Implementation:Deepspeedai DeepSpeed OpBuilder

Knowledge Sources	DeepSpeed
Domains	Build_System, Compilation, CUDA, Extensions
Last Updated	2026-02-09 00:00 GMT

Overview

OpBuilder is the abstract base class for building and loading DeepSpeed C++/CUDA extension operators.

Description

The OpBuilder class provides a framework for compiling and loading custom C++/CUDA operations in DeepSpeed. It supports both ahead-of-time (AOT) compilation during installation and just-in-time (JIT) compilation at runtime. The class handles platform-specific compilation flags, CUDA/ROCm compatibility checks, compute capability detection, and CPU architecture optimization. Each DeepSpeed operator (such as adam, transformer, async_io) inherits from either OpBuilder or its subclass CUDAOpBuilder to implement operator-specific build configurations.

The builder system manages complex compilation scenarios including cross-platform builds (CUDA/ROCm/CPU), version compatibility validation between PyTorch and CUDA, and hardware-specific optimizations like SIMD width detection and compute capability targeting. It also provides utility functions for system introspection including CPU architecture detection, CUDA version checking, and library dependency testing.

Usage

Use OpBuilder as a base class when implementing custom DeepSpeed operators that need to be compiled from C++/CUDA source. The class is typically subclassed to create operator-specific builders (e.g., AsyncIOBuilder, FusedAdamBuilder) that define source files, include paths, and compilation flags. During package installation, builders determine which operators to pre-compile based on environment variables and hardware compatibility. At runtime, operators can be loaded via the load() method which either imports pre-compiled modules or triggers JIT compilation.

Code Reference

Source Location

Repository: DeepSpeed
File: op_builder/builder.py

Signature

class OpBuilder(ABC):
    """Abstract base class for building DeepSpeed C++/CUDA extensions."""

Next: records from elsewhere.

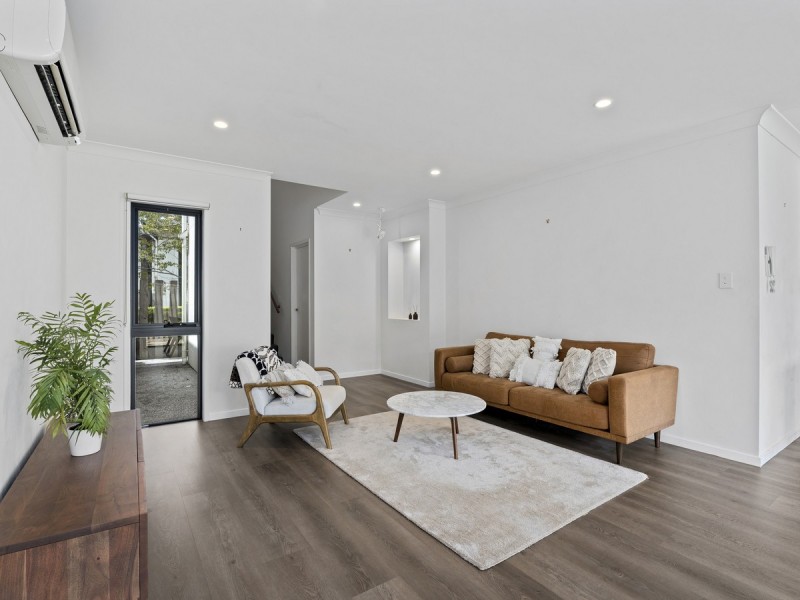 67/18 Archipelago Street, Pacific Pines QLD 4211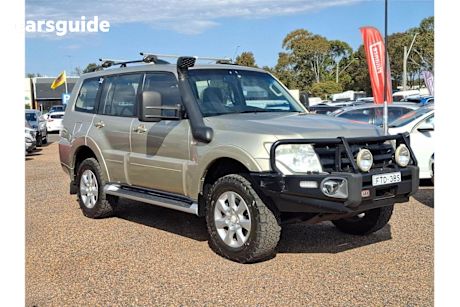 Gold 2014 Mitsubishi Pajero SUV GLX-R 4X4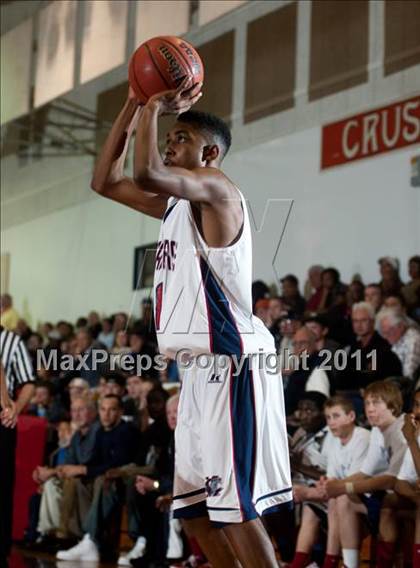 Thumbnail 2 in Modesto Christian vs. Alemany photogallery.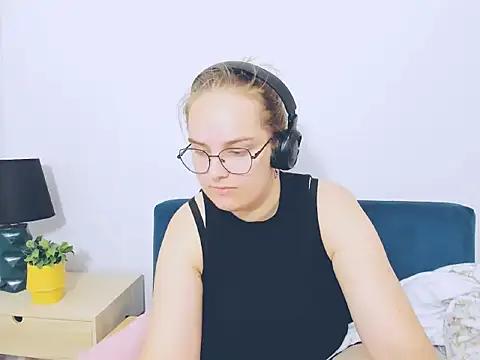 Snapshot of AliceCrazy69 chatting on October 2025 09:41:02 AM AliceCrazy69 online show from October 2025 09:41:02 AM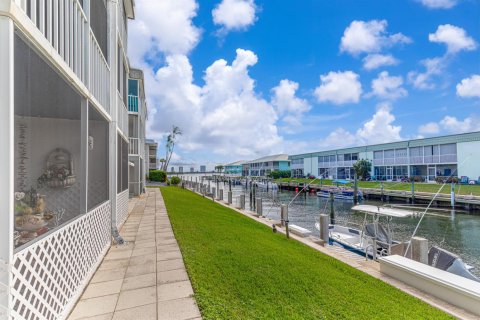 Condo in North Palm Beach, Florida, 2 bedrooms № 2174357 - photo 21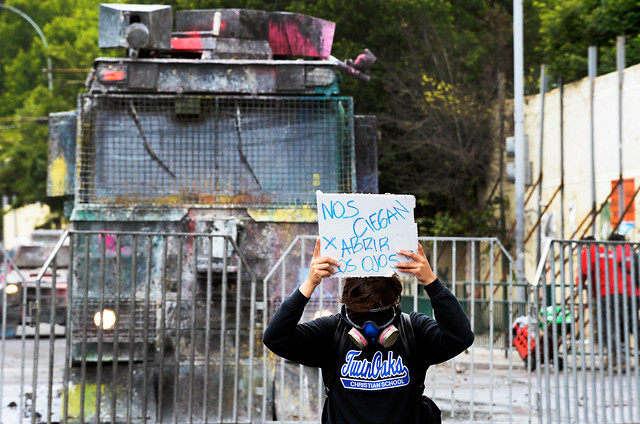 INDH informa que existen 352 personas con lesiones oculares y más de 3.400 heridos durante manifestaciones INDH informa que existen 352 personas con lesiones oculares y más de 3.400 heridos durante manifestaciones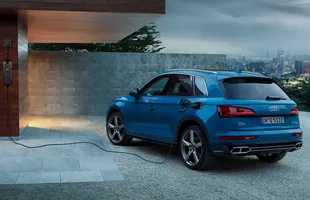 Audi Q5 55 TFSI e quattro — zdjęcie 3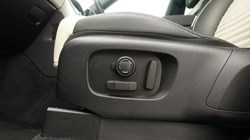 2023 (23) LAND ROVER DISCOVERY 3.0 D300 R-Dynamic HSE 5dr Auto 5527121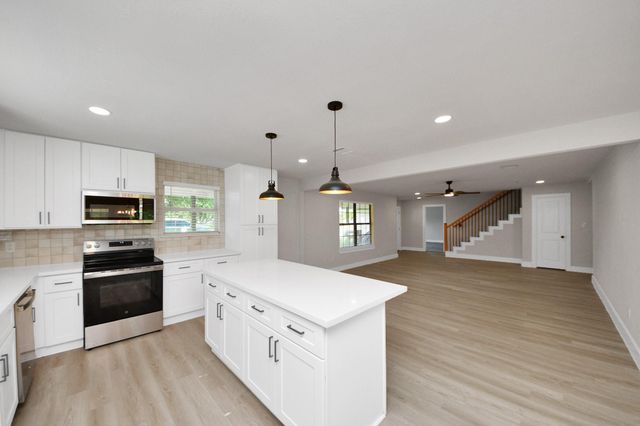 2954 County Road 855, Alvin, TX 77511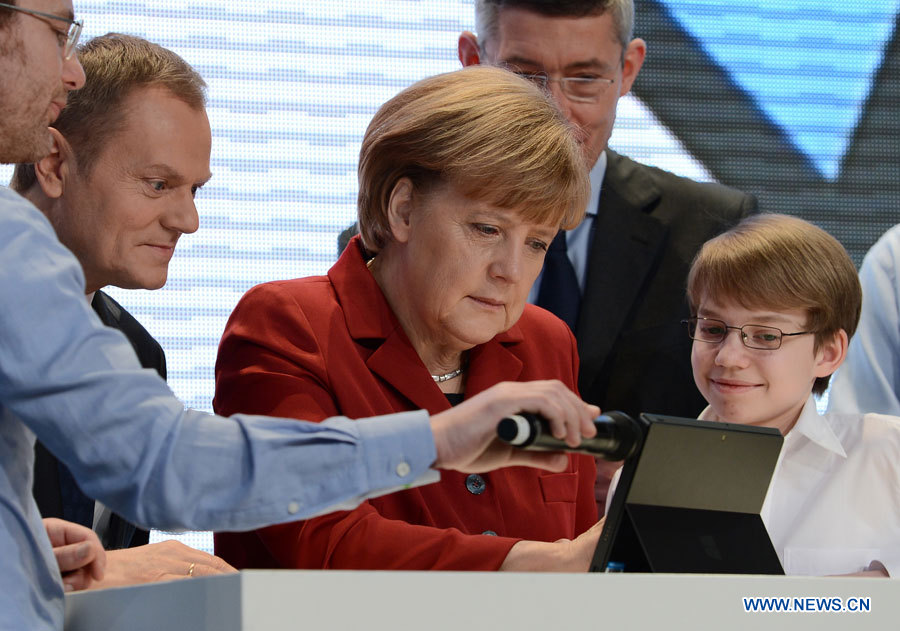 Ангела Меркель посетила выставку CeBIT (2)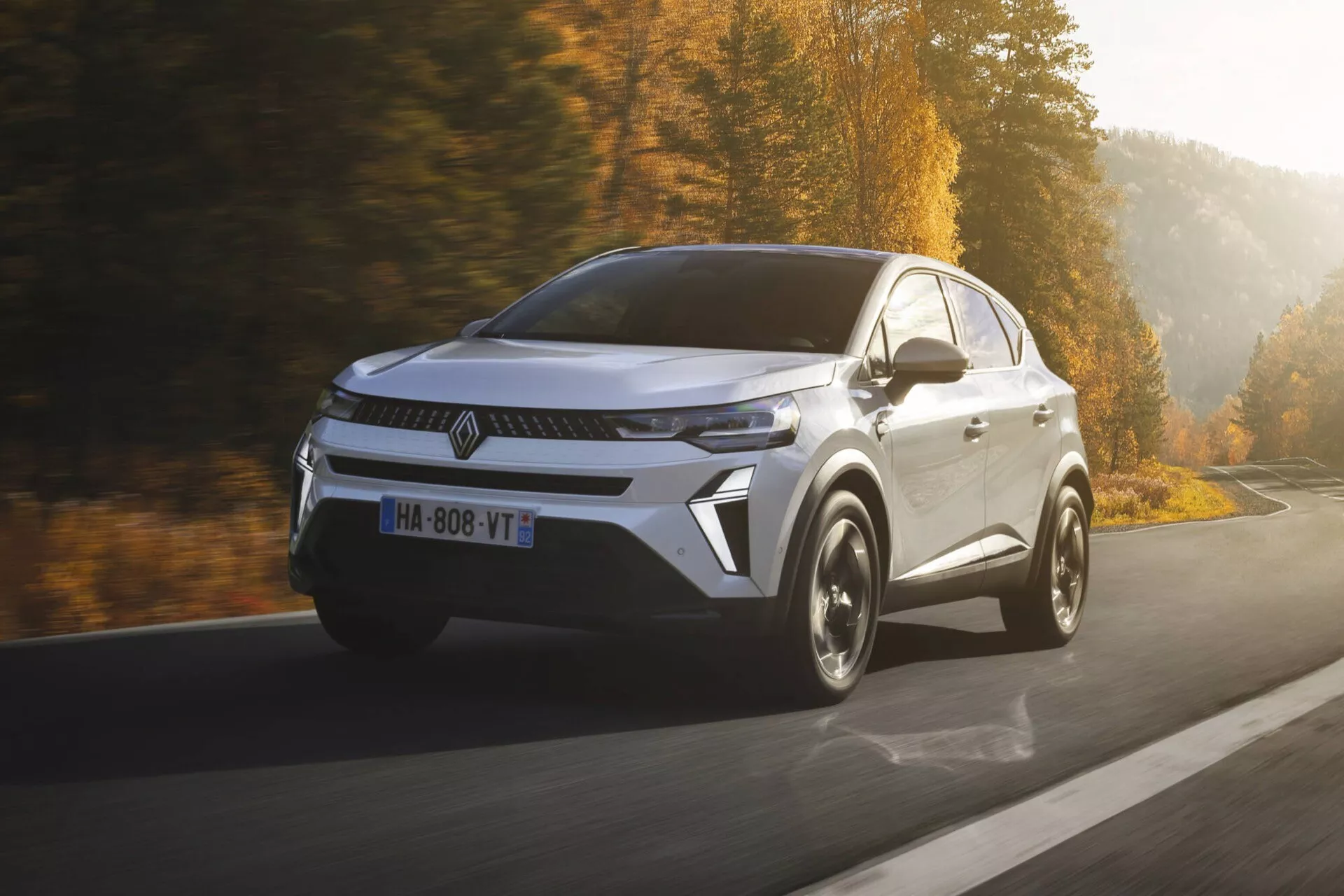 Nouveau modèle Renault Captur 2024 (II-Facelift) en maroon vibrant présentant des caractéristiques améliorées, un design élégant et une technologie moderne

    def __init__(self, name: str):
        """Initialize builder with operator name."""

    @abstractmethod
    def absolute_name(self) -> str:
        """Returns absolute module path for pre-installed op."""

    @abstractmethod
    def sources(self) -> List[str]:
        """Returns list of source files relative to deepspeed package root."""

    def include_paths(self) -> List[str]:
        """Returns list of include directories."""

    def nvcc_args(self) -> List[str]:
        """Returns nvcc compiler flags for CUDA compilation."""

    def cxx_args(self) -> List[str]:
        """Returns C++ compiler flags."""

    def is_compatible(self, verbose: bool = False) -> bool:
        """Check if all dependencies are satisfied to build this op."""

    def load(self, verbose: bool = False):
        """Load pre-compiled op or trigger JIT compilation."""

    def jit_load(self, verbose: bool = True):
        """Just-in-time compile and load the operator."""

    def builder(self):
        """Returns torch.utils.cpp_extension builder object."""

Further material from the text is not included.